The Business Ethics of Stakeholder Theory
Fairness and equality likely appeal to people on the individual level, but they aren’t great motivators for companies concerned about the bottom line. Luckily, stakeholder theory doesn’t base its usefulness solely on these abstract concepts even if the rhetoric surrounding the theory is usually worded along those lines.
Benefitting investors, suppliers, employees, and users is the best way to ensure the long-term health and profitability of a company. Since equity is a measurement of an imagined liquidation less debts and other payments, the long-term health of a company directly impacts the short-term benefits to shareholders and other stakeholders.
In that sense, the business ethics and the financial benefits of stakeholder theory are one and the same. Other more typically ethical considerations work in more qualitative ways. For instance, employees may work harder or stay longer with companies that have a positive social impact.
Without getting into absolutes or altruism, it simply stands to reason that the business process should benefit all parties involved or else there will be little incentive to keep it going. Accounting for stakeholders and ensuring they see benefits is ethically better than prioritizing profits to shareholders alone, but that doesn’t mean there isn’t a profit motive under riding stakeholder theory as well.
Ethical principles such as cooperation and trust give firms a competitive advantage by allowing them to be more flexible and strike deals or contracts with stakeholders that would not be possible if all parties were concerned with nothing but financial gains.

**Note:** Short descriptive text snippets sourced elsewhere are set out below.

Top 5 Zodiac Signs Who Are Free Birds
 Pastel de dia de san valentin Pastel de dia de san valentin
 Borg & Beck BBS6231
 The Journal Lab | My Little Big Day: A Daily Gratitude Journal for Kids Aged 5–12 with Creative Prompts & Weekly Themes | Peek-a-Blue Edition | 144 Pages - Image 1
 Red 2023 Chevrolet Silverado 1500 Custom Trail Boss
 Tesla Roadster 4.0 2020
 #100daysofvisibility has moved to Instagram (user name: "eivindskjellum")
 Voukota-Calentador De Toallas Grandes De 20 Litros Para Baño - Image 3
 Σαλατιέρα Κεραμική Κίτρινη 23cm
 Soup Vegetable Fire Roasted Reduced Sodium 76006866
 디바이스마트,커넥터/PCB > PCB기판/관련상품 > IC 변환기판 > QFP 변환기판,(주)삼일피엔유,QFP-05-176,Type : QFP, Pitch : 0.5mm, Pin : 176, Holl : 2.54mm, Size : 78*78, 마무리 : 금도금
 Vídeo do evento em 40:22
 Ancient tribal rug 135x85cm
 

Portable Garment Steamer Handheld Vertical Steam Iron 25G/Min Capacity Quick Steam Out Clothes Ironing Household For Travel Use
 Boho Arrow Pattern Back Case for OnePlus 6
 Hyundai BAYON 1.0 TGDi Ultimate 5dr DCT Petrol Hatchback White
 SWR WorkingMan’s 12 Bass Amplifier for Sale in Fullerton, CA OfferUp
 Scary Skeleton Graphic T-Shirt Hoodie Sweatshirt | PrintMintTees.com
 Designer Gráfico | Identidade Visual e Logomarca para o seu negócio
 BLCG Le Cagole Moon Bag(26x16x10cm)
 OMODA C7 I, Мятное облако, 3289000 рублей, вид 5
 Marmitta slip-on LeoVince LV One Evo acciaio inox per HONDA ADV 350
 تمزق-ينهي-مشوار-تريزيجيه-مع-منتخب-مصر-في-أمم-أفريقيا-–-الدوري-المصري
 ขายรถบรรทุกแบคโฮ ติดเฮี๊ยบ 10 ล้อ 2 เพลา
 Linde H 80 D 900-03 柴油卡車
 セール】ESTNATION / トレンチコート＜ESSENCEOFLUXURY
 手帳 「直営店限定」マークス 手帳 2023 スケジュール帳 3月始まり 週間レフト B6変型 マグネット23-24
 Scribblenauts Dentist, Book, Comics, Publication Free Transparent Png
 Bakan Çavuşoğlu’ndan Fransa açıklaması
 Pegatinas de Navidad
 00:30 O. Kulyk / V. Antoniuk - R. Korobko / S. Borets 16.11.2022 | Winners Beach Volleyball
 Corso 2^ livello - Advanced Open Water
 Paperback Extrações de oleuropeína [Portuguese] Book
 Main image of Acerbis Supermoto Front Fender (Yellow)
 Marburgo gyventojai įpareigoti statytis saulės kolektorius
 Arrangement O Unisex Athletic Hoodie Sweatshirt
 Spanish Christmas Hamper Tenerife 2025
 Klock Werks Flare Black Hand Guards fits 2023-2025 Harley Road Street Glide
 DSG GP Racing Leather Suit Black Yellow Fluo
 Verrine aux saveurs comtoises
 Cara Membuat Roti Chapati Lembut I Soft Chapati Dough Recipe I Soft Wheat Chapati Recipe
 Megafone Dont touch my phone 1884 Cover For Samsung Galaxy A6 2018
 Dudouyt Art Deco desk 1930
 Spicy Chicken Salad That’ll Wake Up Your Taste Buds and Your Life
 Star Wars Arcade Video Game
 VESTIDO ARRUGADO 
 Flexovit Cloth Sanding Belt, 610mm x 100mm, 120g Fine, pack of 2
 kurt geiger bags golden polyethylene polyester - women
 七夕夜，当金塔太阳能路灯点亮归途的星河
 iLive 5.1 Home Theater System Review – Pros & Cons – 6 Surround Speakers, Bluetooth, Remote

Value Creation: Relations in Stakeholder Theory
One of the central tenets of stakeholder theory is that companies increase their worth when they meet stakeholders’ needs in a mutually beneficial way. The mechanism for passing benefits along to and among stakeholders is based on the relationship between them in the structure of the business.
Stakeholders have different utilities and individual opportunity costs that compound into the total opportunity cost of production for the company. Value creation occurs when the consumer pays more for the product than it cost to produce, including the opportunity cost from stakeholders.
Each stakeholder that plays a role in the supply chain or production and distribution line has a bottom line with opportunity costs and expenses. For this reason, every stakeholder is kind of like a microcosm for the business process as a whole. The firm is a hub that combines all these interests into an aggregate and provides for value creation to the benefit of everyone involved.
But defining the relationship between the hub and stakeholders at different stages and levels of involvement is challenging. There are no definitive guidelines because the relationships between stakeholders and the central business are defined by individual contracts and differ depending on the nature of the business itself.
Traditional business models view investments, acquisition, and manufacturing as inputs that the firm coordinates until delivering a final output to the customer. Owners and shareholders are thought to hire management as their stand-ins or agents to handle this process.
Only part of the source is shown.